It seems after every photo shoot for an outdoor client or for a magazine chasing elk and the like around North America, I find myself spending more time deleting those pictures I’ve taken that I dislike than time spent editing and saving those pictures I do like. Outside of the initial cost of a camera’s memory card, “Film is free,” right, so I figure … click away.
Which leads to the topic: Can you, the hunter, learn something from me, the photographer, that will help you become a better hunter? My answer is a resounding yes!
I’ve hunted all my life thanks to my late father, who introduced me to the sport decades ago. And, perhaps, like some of you, I love to photograph critters in the outdoors. Luckily, I contrived a way to turn my passion of hunting and passion of photography into a vocation. With more than 40 years behind a shotgun, rifle and a camera lens, here are a few things I’ve learned while photographing that have helped me up my hunting game.
“Showing up” means so much more than just “Being there.” And, “Being there” means having a plan B and a plan C in your pocket if plan A doesn’t work. Strategy along with patience and persistence are virtues both hunters and photographers need.

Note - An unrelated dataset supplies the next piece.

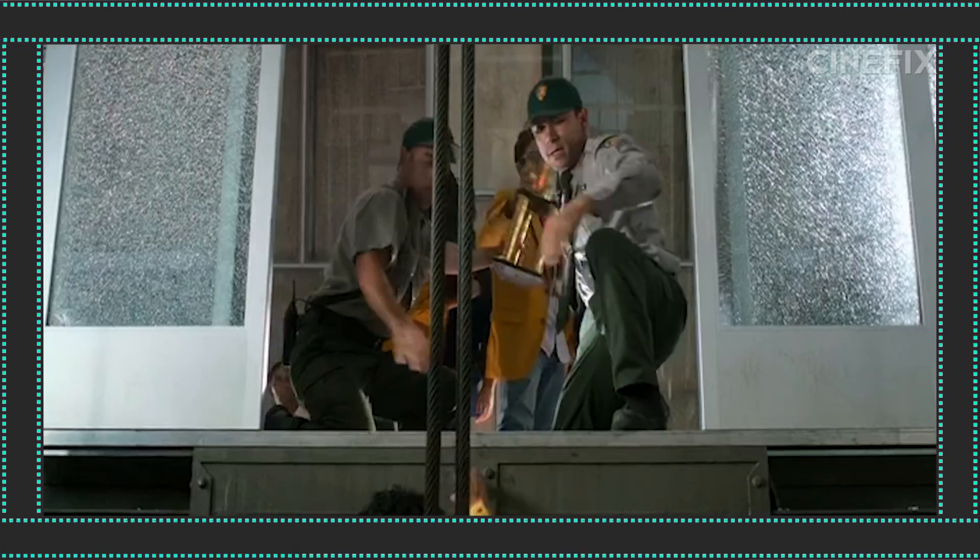How easy is it to actually become stuck in an elevator shaft? Getting out of a hoistway is not difficult. It's easy to open them from the inside, but very difficult to open them from the outside.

I once sat on a mule deer for eight days to get a shot at him. A couple years ago I sat on a particular elk for a week to capture him.
Last spring, I chased a tom (I knew who he was and where he was hanging out) for six days. I pre-scouted each critter before I got hot and heavy pursuing it, with camera in-hand, and I had a strategy for each. I stuck to plan A until a certain time of the day and then moved along to plan B and C if and when I had to.
Perhaps “Showing up” is the most critical thing a hunter should do to put himself or herself in the very finest position to up the odds of success. And remember — animals are on their own time-table. Be it hunting or photography, you have to put in the time. As much as we all would like that immediate “now” of a perfect shot, patience typically pays off.
KNOW THY GEAR
I presume some of you have taken a nice mule deer with grandad’s classic Winchester Model 1894. Perhaps just as many have dropped a trophy elk with a new Browning X-Bolt .270 WSM toppedoff with a light-gathering Swarovski Z8i scope. Regardless of what you use, know your equipment both inside and outside.
A time-tested practice that I engage in before photo shoots is to first roll through all my dials, settings and gadgets on my camera to visualize where they are and then do so in the dark or blindfolded. Think about it – you’re stalking an elk up a steep incline, then you run to get into position while the wind is gusting at 25 mph and you’re at an elevation of 7,000 feet. Now, you have about two seconds to obtain a stable and comfortable shooting position whether it’s prone, kneeling, standing or sitting, dial in your scope, manage your breathing and flip off your safety. Plus, you’re toast if you don’t instantly and intuitively know where your safety is, where the magnification adjustment ring is and where the windage adjustment knob is and where your scope’s elevation adjustment knob is.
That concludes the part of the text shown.